Common String Operations in Java

# Common String Operations in Java

### Introduction

Simply put, a String is used to store text, i.e. a sequence of characters. Java's most used class is the String class, without a doubt, and with such high usage, it's mandatory for Java developers to be thoroughly acquainted with the class and its common operations.

### String

There's a lot to say about Strings, from the ways you can initialize them to the String Literal Pool, however in this article we'll focus on common operations, rather than the class itself.

Although, if you'd like to read more about various ways of creating strings in Java you should check out String vs StringBuilder vs StringBuffer.

Here, we're assuming that you're familiar with the fact that Strings are immutable, as it's a very important thing to know before handling them. If not, refer to the previously linked article where it's explained in detail.

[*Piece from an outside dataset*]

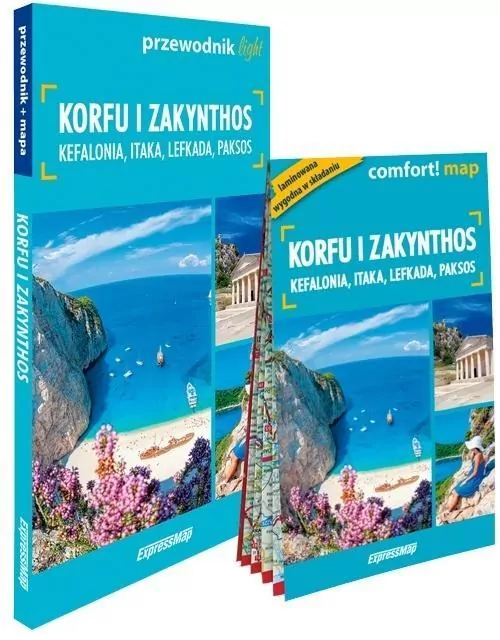 Korfu i Zakynthos light: przewodnik + mapa - tantis.pl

The String class comes with many helper methods that help us process our textual data:

### String Concatenation

Before we begin using any of these methods on strings, we should take a look at String concatenation as it's a fairly common thing to do. Let's start with the + operator. The String class overloads that operator and it is used to concatenate two strings:

String aplusb = "a" + "b";

// The operands can be String object reference variables as well
String a = "a";
String b = "b";
aplusb = a + b;


The + operator is very slow. String objects are immutable, so every time we wish to concatenate n strings Java has to copy the characters from all strings into a new String object. This gives us quadratic (O(n^2)) complexity.

This isn't a problem with small strings, or when we're concatenating just several strings at the same time (String abcd = "a" + "b" + "c" + "d";). Java automatically uses StringBuilder for concatenating several strings at once, so the source of the performance loss is concatenating in loops. Usually, for something like that, we'd use the aforementioned StringBuilder class.

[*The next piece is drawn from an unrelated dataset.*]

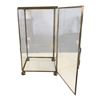Image 1 : BRASS AND GLASS DISPLAY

It works like a mutable String object. It bypasses all the copying in string concatenation and gives us linear (O(n)) complexity.

int n = 1000;

// Not a good idea! Gives the right result, but performs poorly.
String result = "";
for (int i = 0; i < n; i++) {
result += Integer.valueOf(i);
}

// Better, performance-friendly version.
StringBuilder sb = new StringBuilder("");
for (int i = 0; i < n; i++) {
sb.append(i);
}


We can also concatenate using the concat() method:

String str1 = "Hello";
System.out.println(str1.concat("World"));


Output:

Hello World


Note: When using String concatenation with other data types, they implicitly get converted to their string representation:

System.out.println("2 = " + 2);


This gives the expected output "2 = 2".

System.out.println("2 = " + 1 + 1);


In regular circumstances, 1+1 would be evaluated first as Java deals with operations from right to left. However, this time, it won't - the output is "2 = 11". This is because of something called "operator precedence".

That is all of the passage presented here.